One of the greatest changes brought on by the advent of Christianity is the change that took place in judging the suicide. In classical times, when a person could no longer live in freedom, or heroically, it was considered a stoic virtue to die by one's own hand. The last great act that a person could perform was to take his or her own life, which was the last free choice that person could make.
With the coming of Christianity, however, Jesus preached the concept that a man is free inwardly, and no amount of imprisonment or disgrace could destroy one's spiritual self. Thus, where the suicide was a virtue in the ancient days, for the Christian, it became one of the cardinal sins; murdering the body that God gave unto one.
Dante is naturally very confused when he arrives at the wood of suicides and hears human sounds but sees no human forms. Consequently, Virgil has to do something that seems extremely cruel. He has Dante pick off a branch from one of the trees, which causes the tree to bleed. Dante has previously shown that he is a person of infinite pity; therefore, the words of the tree evoke an unexpected response — surprise and sympathy.
The entire scene becomes a fantasy as Dante breaks the branch, the tree bleeds, and a voice comes from the tree. It seems almost as though Dante is unconscious of the actual words spoken by the tree. Instead, the startling fact that a tree speaks is the factor that evokes his feeling of awe and disbelief.
The story of Pier delle Vigne is related so that Dante, on his return to Earth, can justify the man's loyalty — though not his suicide.
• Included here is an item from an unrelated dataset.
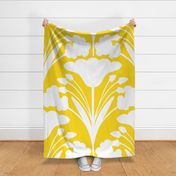 Mountain Flowers Deep Yellow Floral Pattern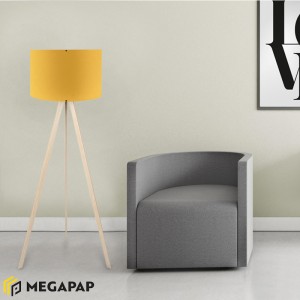 Φωτιστικό δαπέδου Rosling Mdf/ύφασμα Pvc χρώμα φυσικό/κροκί 38x21x140εκ.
The greatness of the episode comes when Pier delle Vigne says that in order to make himself a just individual, he has made himself forever unjust, by one stroke of the knife. Here is a gentleman, a man of honesty, elegance, and breeding; a cultured and intellectual man; and a poet, who has condemned himself forever to damnation and cut off all hope of repentance, by a single act.
This is one of the great poetic concepts in the Inferno. The spirit is not seen as a mean or evil or vicious man. Instead, he is a man who, in a moment of weakness, has taken his own life. Most of the other characters in Hell have something despicable about them, but Pier delle Vigne rouses a sense of sympathy. He is a man of obvious greatness that, in a moment of weakness of will, took the irretrievable action, and after a life of noble service and devotions, he is condemned forever.
The naked men pursued and torn to pieces by hounds are Spendthrifts, reckless squanderers, who did not actually take their own lives, but destroyed themselves by destroying the means of life. The difference between these sinners and the Spendthrifts of the fourth circle is that the earlier cases arise from weakness, and the later cases from a deliberate act of the will.
The Harpies were winged creatures with the faces of women and were symbolic of the whirlwind or the violent storm. They stole anything; hence, in the woods, they symbolize the violence of the suicide and the stealing away of his soul.
Strophades the island where the Harpies live.
Frederick 1194-1250; emperor of the Holy Roman Empire (1215-50).
Toppo a river near Arezzo in Italy.
Arno river in Tuscany, central Italy, flowing west through Florence.